In the kaleidiscope of pro-intact, anti-circumcision activism, or intactivism, the opportunities to influence the debate, the community and the parents of the children we are trying to protect are varied and straightforward. However, there can be perils, too.
Whenever one of the many groups who plan and stage protests, actions and initiatives steps out on its own without consulting either its vested members or the wider community who may support it, it runs the risk of losing support and participation – not to mention credibility. Simply doing something (as opposed to nothing) doesn’t mean all that much unless it is thoughtful, considered and planned smartly. There are ways to do this efficiently. There are ways to make stuff happen sooner rather than later. But the planning and consultation phase to assess impact (internal and external) of any action cannot be skipped.
It is with these principles as a backdrop that I have withdrawn from the work of the Bay Area Intactivists. The group does not work smartly, but operates from a place of rage against the culture that condones circumcision, and anger at the community of opposition who, as they see it, is ineffectual and insufficiently, well, angry. Hence, they do things without consultation or considered preparation and planning.

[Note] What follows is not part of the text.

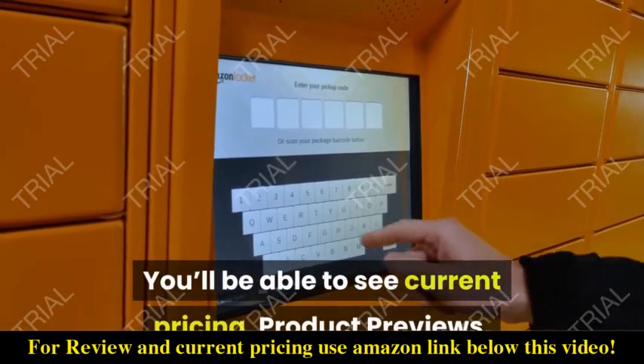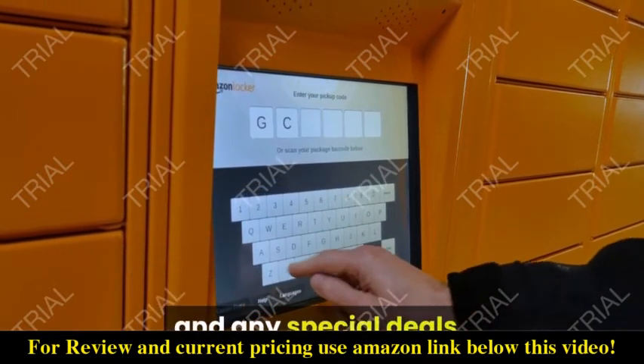You'll be able to see current pricing, product previews, and any special deals.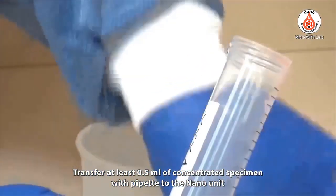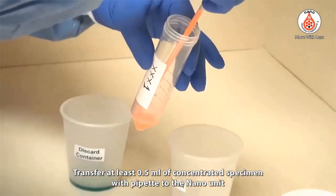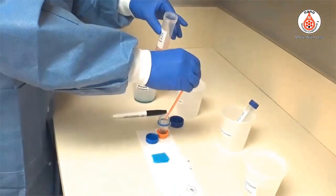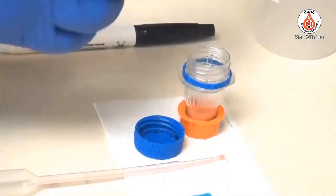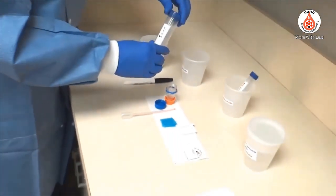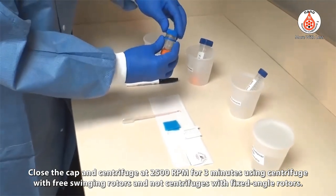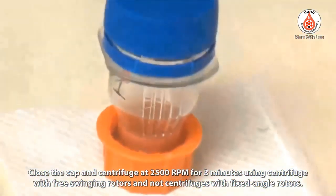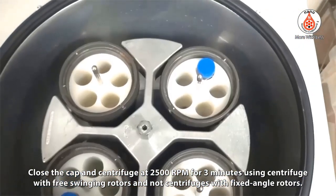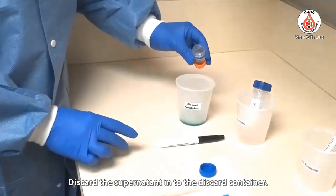Transfer at least 0.5 milliliters of concentrated specimen using a pipette into the Nano unit. Close the cap and centrifuge at 2500 RPM for 3 minutes using a centrifuge with free-swinging rotors — do not use centrifuges with fixed angle rotors. Discard the supernatant into the discard container.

It’s important to take the long view at certain stages. It is also important to seize the moment. But it is unquestionably important to have all the troops on board whenever the moment comes to carry out that long-planned, carefully orchestrated effort, like getting new laws on the books, or scrambling the membership to carry out a last minute protest, for instance, when a particularly loathsome opponent is in town on short notice.
To the leadership of the [San Francisco] Bay Area Intactivists, I say, also, pick your fights, guys. Don’t be reckless. Above all, don’t overlook your allies in your zealous effort to make a point.